Sekhemkare gab zur Antwort ein Geräusch von sich, bei dem Dilae nicht sicher war, ob es ein nervöses Lachen oder ein empörtes Zischen sein sollte. Doch Garush schenkte dem keine Beachtung … Der Schlitten schoss aus der Schlucht heraus, direkt auf die fragil wirkende Eisbrücke zu. Hinter ihnen donnerten die Schritte der Yetis, die wieder aufgeholt hatten. Die Brücke ächzte und knarzte unter dem Gewicht des Schlittens. Risse begannen sich zu bilden. Dilae versteckte ihr Gesicht in den Händen und sprach ein Gebet an die Dunkle Maid. Sie hörte wie Garush die Wölfe zu einem letzten, verzweifelten Sprint antrieb. Tatsächlich erreichten sie das andere Ende – nur Sekunden bevor die Brücke mit einem ohrenbetäubenden Krachen hinter ihnen zusammenbrach. Der vorderste Yeti, mitten im Sprung, griff wild um sich, seine Klauen kratzten über das Eis, fanden aber keinen Halt.
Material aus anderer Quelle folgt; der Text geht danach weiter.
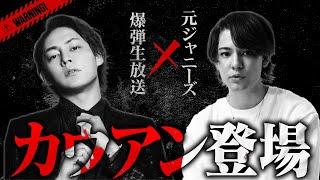 配信スタート - ジャニーズ事務所の公式謝罪を受けた今、カウアン氏がジュリー社長に思うこととは!?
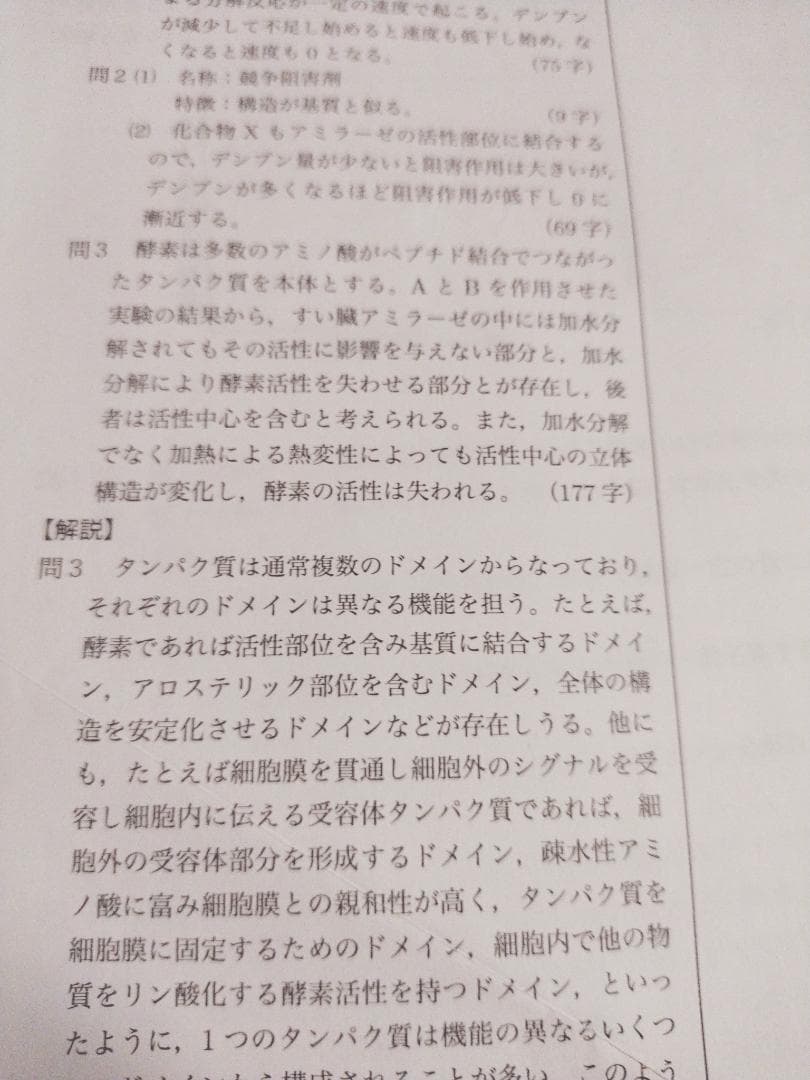 鉄緑会による生物発展講座添削課題 問題と解説フルセット　駿台　河合塾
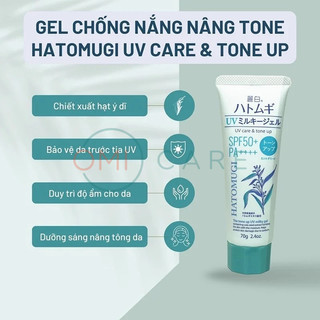 Kem Chống Nắng Nâng Tone Dưỡng Ẩm Và Làm Sáng Da REIHAKU Hatomugi SPF50+ PA++++ 70g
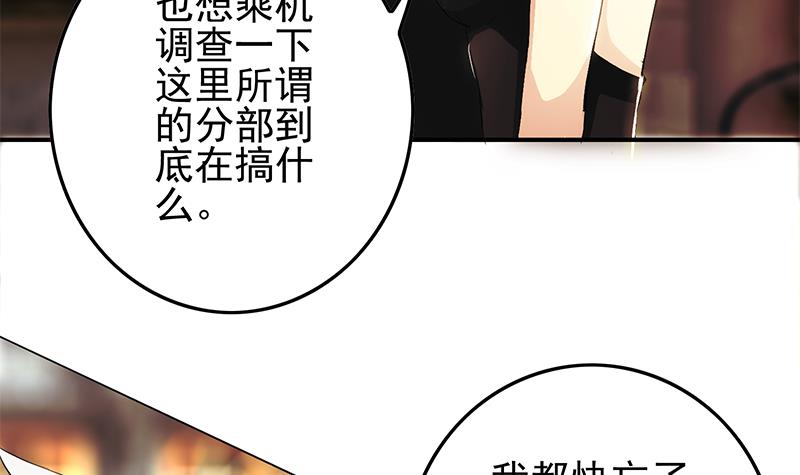 第245话 赴约阿尔贝(1/2)-第246话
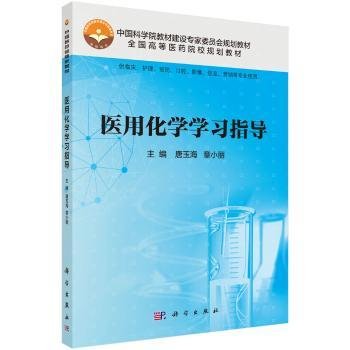 医用化学学习指导（供临床、护理、预防、口腔、影像、信息、营销等专业使用）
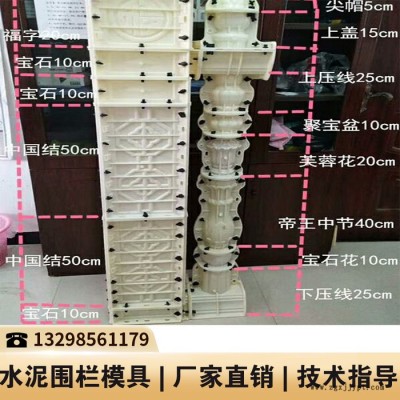 水泥围栏塑料模具_艺术围栏模具厂_护栏模具厂家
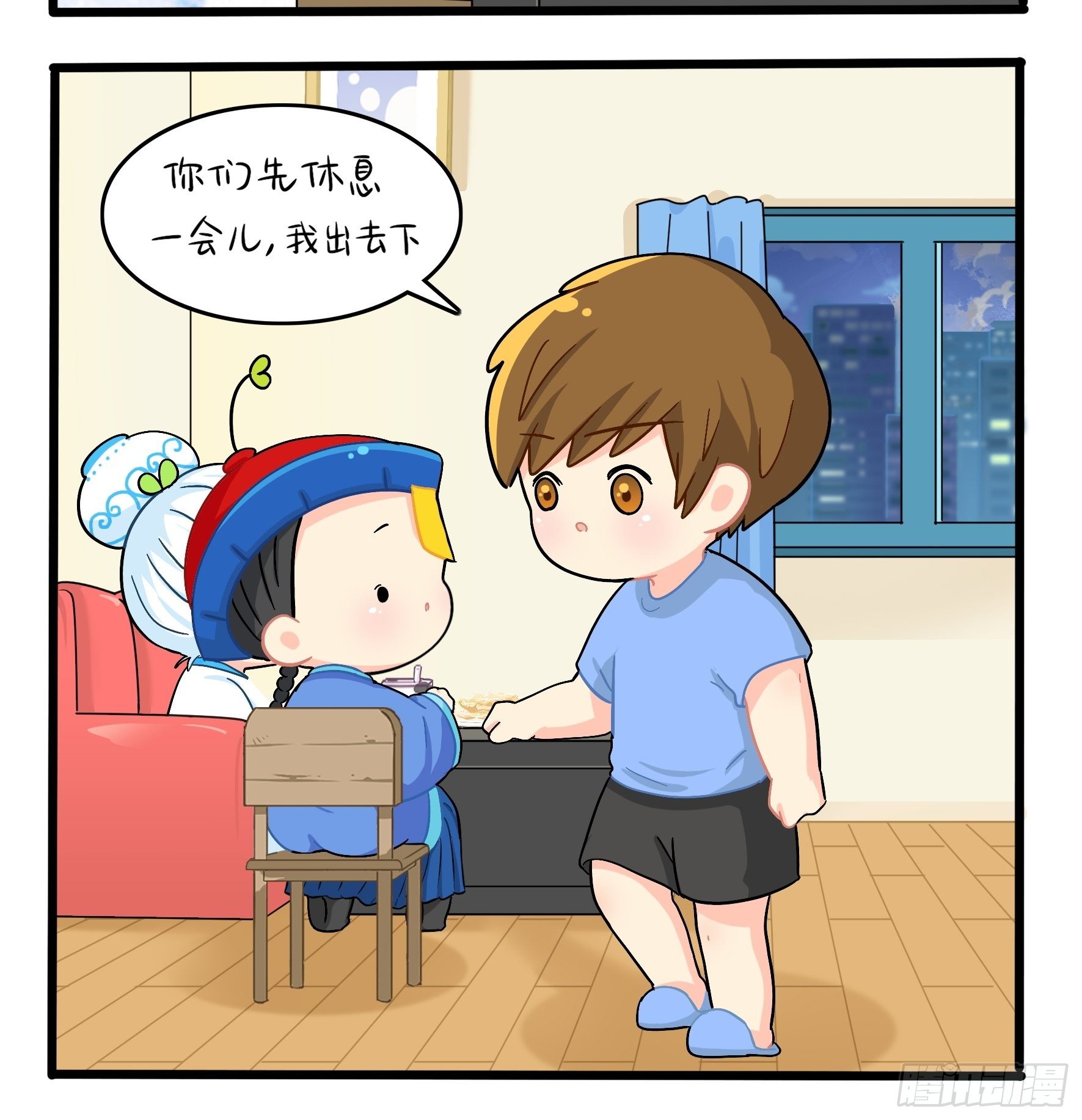 第二季第十二话：帽子被摘了！？-第104话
Mit einem erschrockenen Brüllen stürzte er in die Tiefe. Die beiden anderen Weißpelze blieben am Rand des Abgrunds stehen und schüttelten wütend ihre Fäuste. Garush trieb die Wölfe noch an, bis sie außer Sichtweite der verbliebenen Yetis waren, dann kam der Schlitten schlitternd zum Stehen. Tarik und Yelmalis auf der hinteren Bank hielten beide F-45 fest und waren dabei etwas näher aneinander heran gerutscht als jemals beabsichtigt. Es entging Dilae trotz ihres rasenden Herzschlages nicht, dass der Luftgenasi dem Tiefling entschuldigend zulächelte, als er wieder von ihm abrückte.
Sekhemkare hingegen sah zu Garush, seine Augen noch etwas schmaler als sonst. „Bist du des Irrsinns? Du hättest uns alle umbringen können!“
„Ach was.“ Die Amazone schob mit einem Grinsen ihre Hauer vor. „Du hast Yelmalis doch gehört: Zur Not Federfall. Außerdem ist doch alles gut gegangen, also hör auf, dich zu beschweren, Nehmer.“
Nun musste Dilae erleichtert lachen. „Und ich dachte, wir machen einfach mal eine gemütliche Schlittenfahrt. So viel dazu.“
„Allerdings.“ Tarik schmunzelte. „Und ich habe das Gefühl, das war nur der Anfang unserer Abenteuer auf dieser Ebene."